Another way to combat wet weather while hunting is to do so from a good ground blind like the Primos Double Bull Shack Attack or the Primos Smack-Down. While they may not remain totally dry in a downpour, it sure beats sitting outside next to a tree.
What about hunting tactics during wet weather? In times gone by, I might have said stay in the cabin during an old fashioned frog strangling downpour.
But then again, as Kent and his client proved last week, the third key to wet weather success is to get out there and get amongst them, even if raindrops keep falling on your head.
Jim Lillis, a longtime Texas turkey hunter who has worked for both the National Wild Turkey Federation and Ducks Unlimited, is another person who says that killing a turkey can be done even with a lot of rain falling.
"I killed a really good bird a number of years ago when I worked for the NWTF," said Lillis. "It was on the Oklahoma governor's hunt near Lawton and he was feeding in an open wheat field.
"That bird was not a beautiful photo specimen since he was all wet and his feathers were matted together. But he was a solid three-and-a half-year-old with spurs a little more than an inch in length and a beard that measured 10 ½ inches."
If there is a time to get out of the weather when chasing spring thunder chickens, it's when there is just that – thunder – actually rumbling through the air. Once such conditions have come and gone, the birds will often get active as the storm clears, especially if the wind remains reasonable and the skies brighten up a bit.

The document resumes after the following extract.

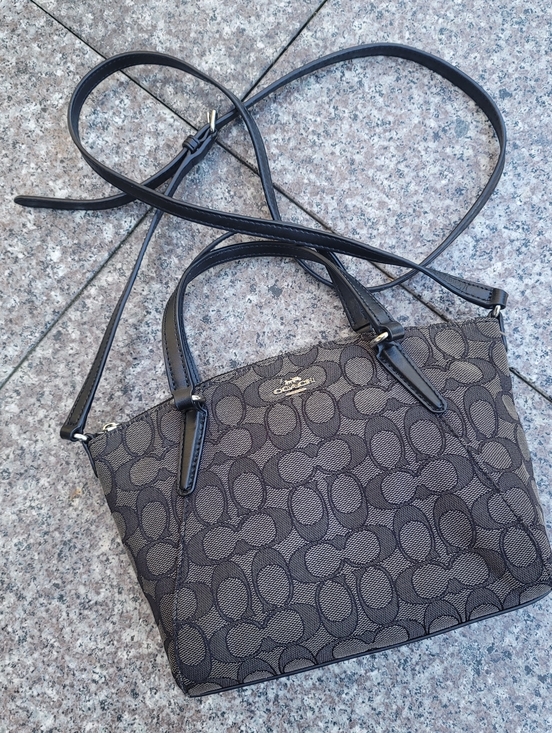 Coach Handbags - Coach croossbody bag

“I nearly killed a loud-mouthed tom with a long paintbrush beard during the aftermath of a thunderstorm a few years ago near the Red River,” recalls Lillis. “In fact, so robust was his gobbling after a thunderstorm had passed by that I was all but certain that I was going to tag him.

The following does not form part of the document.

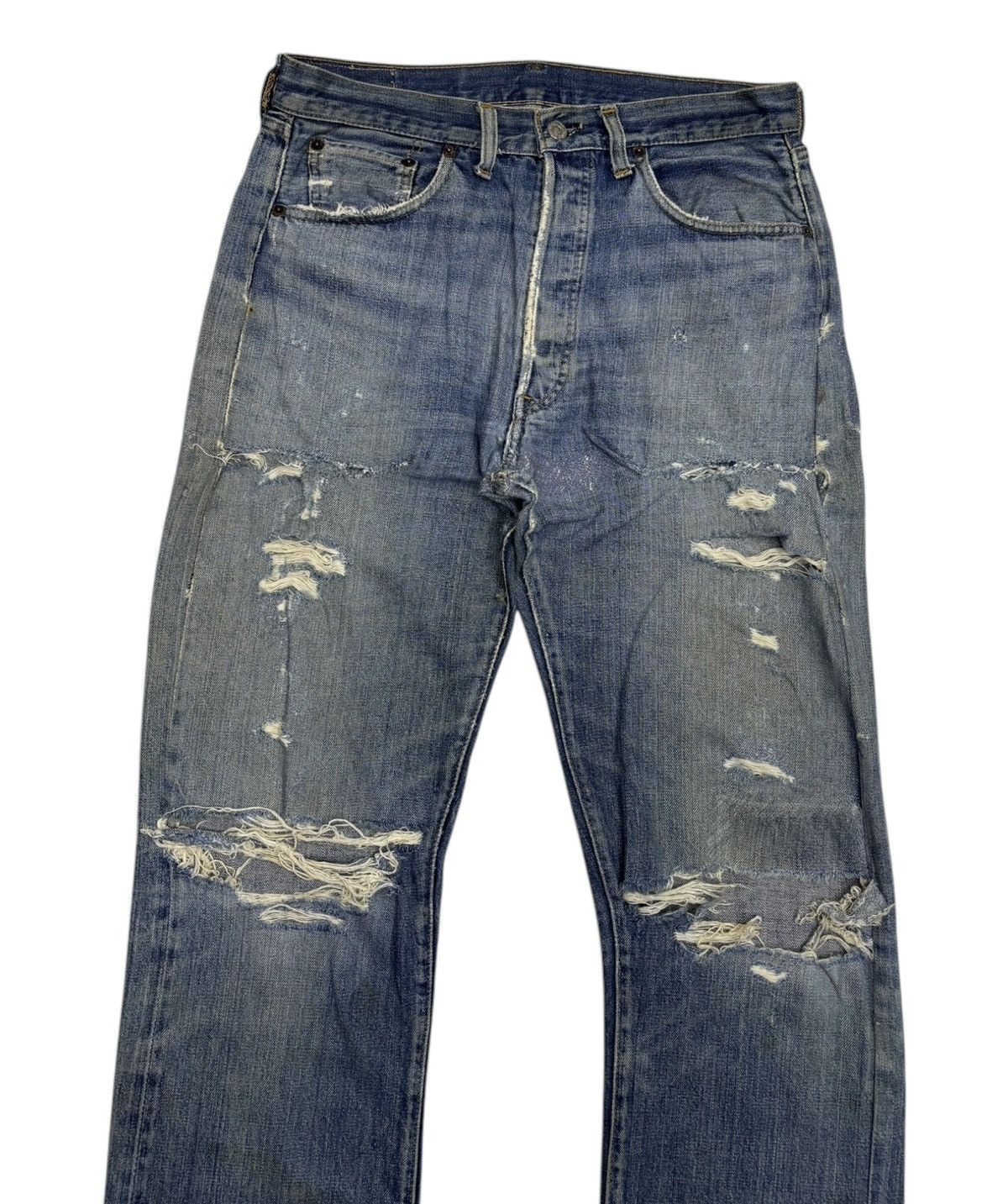 Levi's 70s LEVI'S 501 BIG E button No 6 THRASHED DISTRESSED DENIM Size US 32 / EU 48 - 4 Thumbnail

“Until the next thunderstorm rolled in and sent me scurrying for cover with heavy rain, thunder and lightning, that is. Having never met a longbeard worth dying for, I headed for the truck and called it a day.”

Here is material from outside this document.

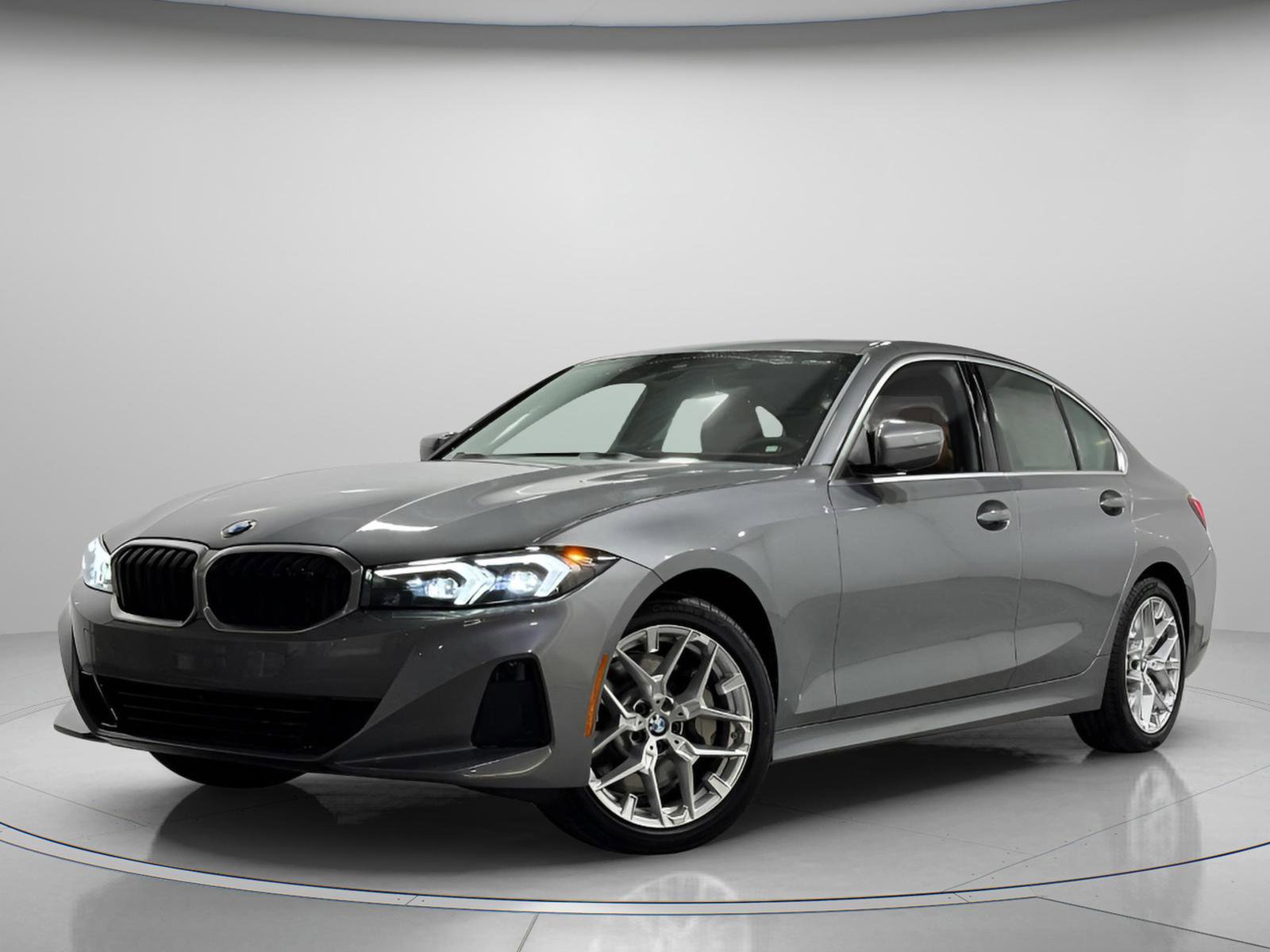 Used 2025 BMW 330i xDrive Sedan w/ Premium Package image 2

Turkeys will often do their usual thing when only light rain or drizzle is falling, especially in open fields and pastures where they will feed and/or look for potential predators.
Because of the latter, the fourth key to wet weather success is to work the inside edges of timber patches as you seek a cooperative bird that is out in the open where they will tend to be.
As you move to such a hunting spot, do all that you can, however, to avoid sky-lighting yourself in open areas or hilltops. On a day when turkeys don't feel confident in their survival abilities, being seen – or even being suspected – can all but end any chance of success.
Keep in mind that while the gobblers will often move around on light precipitation days, it remains to be seen how vocal they will be. Warm and damp weather often results in fair gobbling activity but chilly and damp conditions will often power down birds with a case of shut-mouth disease.
For that reason, a good tactic for drippy spring days – and the fifth key to success in this turkey hunting tale – is to put yourself in a place with good numbers of turkeys and spots that you often see birds trading back and forth during better conditions.In other words, have your scouting homework done and use it to your advantage in such situations. Once occupying such a spot, be prepared to go old school, calling softly and infrequently while being ready to sit and wait a bird out.
The sixth, and final, key of wet weather turkey hunting success is having a big supply of hunting patience and endurance.
Or like three-time world champion duck caller Barnie Calef likes to say: "Stick and stay and make 'em pay."
Because you never know when a gobbler will arrive, even if the bottom of the rain barrel has fallen out in the local turkey woods you are hunting in.
While such a waterlogged hunt might not be the most comfortable one that you ever kill a spring turkey on, it sure might be among the most memorable that you'll ever participate in, once you get dried off and have your hunting duds in the clothes dryer, that is.